The end result of having a unified way to characterize background work is that scaling the application because much less complicated. We can build new queue implementations, without needing to think about the business logic of the background work itself, and we add capacity by increasing the resources of worker machines without needing to think about the architecture of the system. Delightfully, the queue metaphor is independent of external services, so we can run the queue in memory backed by a heap or hash map with executors running in dedicated go-routines if we want, and also scale it out to use databases or dedicated queue services with additional process-based workers, as needed.

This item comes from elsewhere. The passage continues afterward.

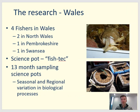The work undertaken in Wales was a consistent, standardized scientific survey working with four individual fishermen — two in North Wales, one in Pembrokeshire, and one in Swansea Bay. The idea was to capture geographic variation in parameters such as growth rate, length and maturity in the Wales-wide population of whelks. All fishermen fished with a standard fishtec pot over a full annual cycle, giving insights into annual variation in growth rate and the timing of the onset of sexual maturity.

The last component, gimlet, addresses building HTTP interfaces, and provides tools for registering routes, writing responses, managing middleware and authentication, an defining routes in a way that's easy to test. Gimlet is just a wrapper around some established tools like negroni, gorilla/mux, all built on established standard-library foundations. Gimlet has allowed us to unify a bunch of different approaches to these problems, and has lowered the barrier to entry for most of our interfaces.

There are other infrastructural problems still on the table: tools for building inter-system communication and RPC when you can't communicate via a queue or a shared database (I've been thinking a lot about gRPC and protocol buffers for this,) and also about object-mapping and database access patterns, which I don't really have an answer for. [1]

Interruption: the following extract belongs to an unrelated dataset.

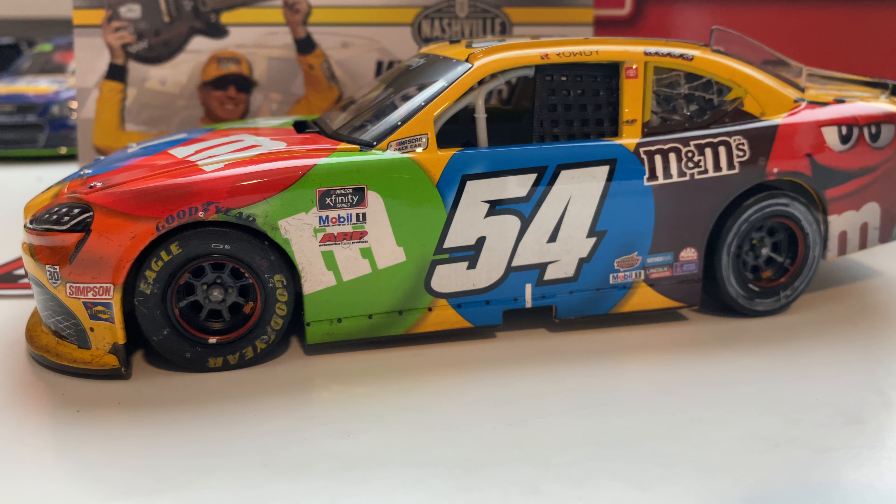That's pretty much it for this diecast review. I really like this car. I'm probably going to take this one to Las Vegas and get it autographed if I can, because I just love this paint scheme on the Supra and the white 54 — the number font just looks really good on the M&M's car. Overall this is a great paint scheme. Not too much build-up, but it's raced up a solid amount — no damage except for on the left rear tire. Great paint scheme; I love this car, so glad I got this one. Thank you guys for watching — please like and subscribe if you enjoyed the video. Check out my other diecast reviews. Until next time, have a good one!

Nevertheless, with the observability, background tasks, and HTTP interface problems well understood at supported, it definitely frees developers to spend more of their time focused core problems of importance to users and the goals of the project. Which is a great place to be.

[1]I built a database migration tool called anser which is mostly focused on integrating migration workflows into production systems so that migrations are part of the core code and can run without affecting production traffic, and while these tools have been useful, I haven't seen a clear path between this project and meaningfully simplifying the way we manage access to data.

Cache Maintence

Twice this fall I've worked on code that takes a group of files and ensures that the total size of the files are less than a given size. The operation is pretty simple: identify all the files and their size (recursively, or not but accounting for the size of directories,) sort them, and and delete files from the front or back of the populated list. When you've reached the desired size.

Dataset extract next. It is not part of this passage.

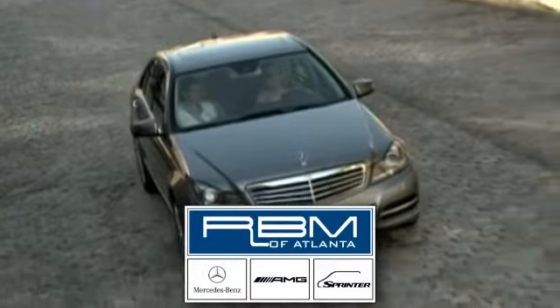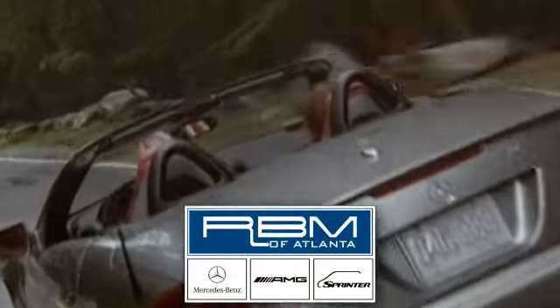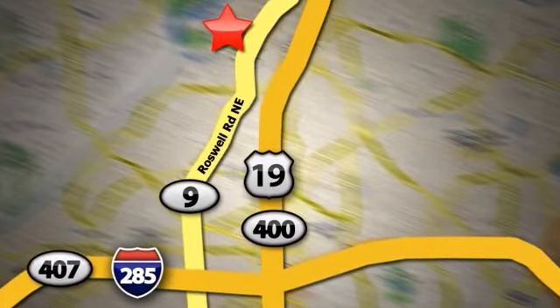Come in and take it for a test drive. At RBM of Atlanta in Sandy Springs, we have the best selection of new and top quality pre-owned vehicles to choose from. We are conveniently located at 7640 Roswell Road in Atlanta.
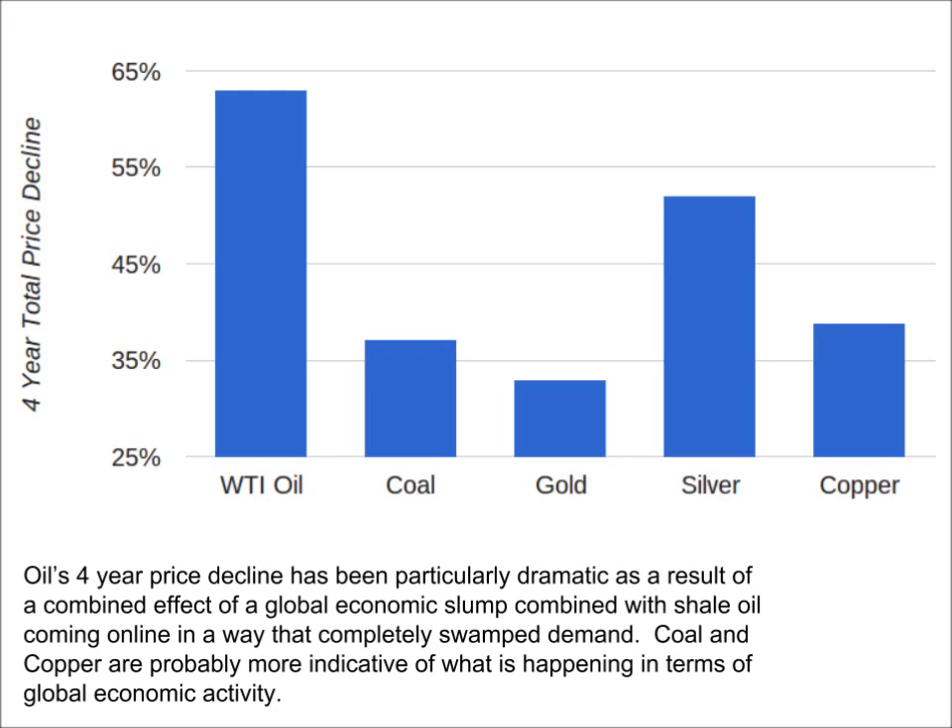We can also see that gold has held up pretty well — it's down 33%, which is about in line with the continuous commodity index at down 35%, and better than either coal or copper. Silver did pretty poorly, down 52%. Part of the reason for silver's underperformance is that there was quite a bit of speculative froth in silver leading up to a peak in early 2011, and while a good portion of that froth was worked off in the latter portion of 2011, it still had a ways to go to catch down to other commodities.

If you have a cache and you're constantly adding content to it, eventually you will either need an infinite amount of storage or you'll have to delete something.

But what to delete? And how?

Presumably you use some items in the cache more often than others, and some files that change very often while others change very rarely, and in many cases, use and change frequency are orthogonal.

For the cases that I've worked on, the first case, frequency of use, is the property that we're interested in. If we haven't used a file in a while relative to the other files, the chances are its safe to delete.

The problem is that access time (atime) is that while most file systems have a concept of atime, most of them don't update it. Which makes sense: if every time you read a file you have to update the metadata, then every read operation becomes a write operations, and everything becomes slow.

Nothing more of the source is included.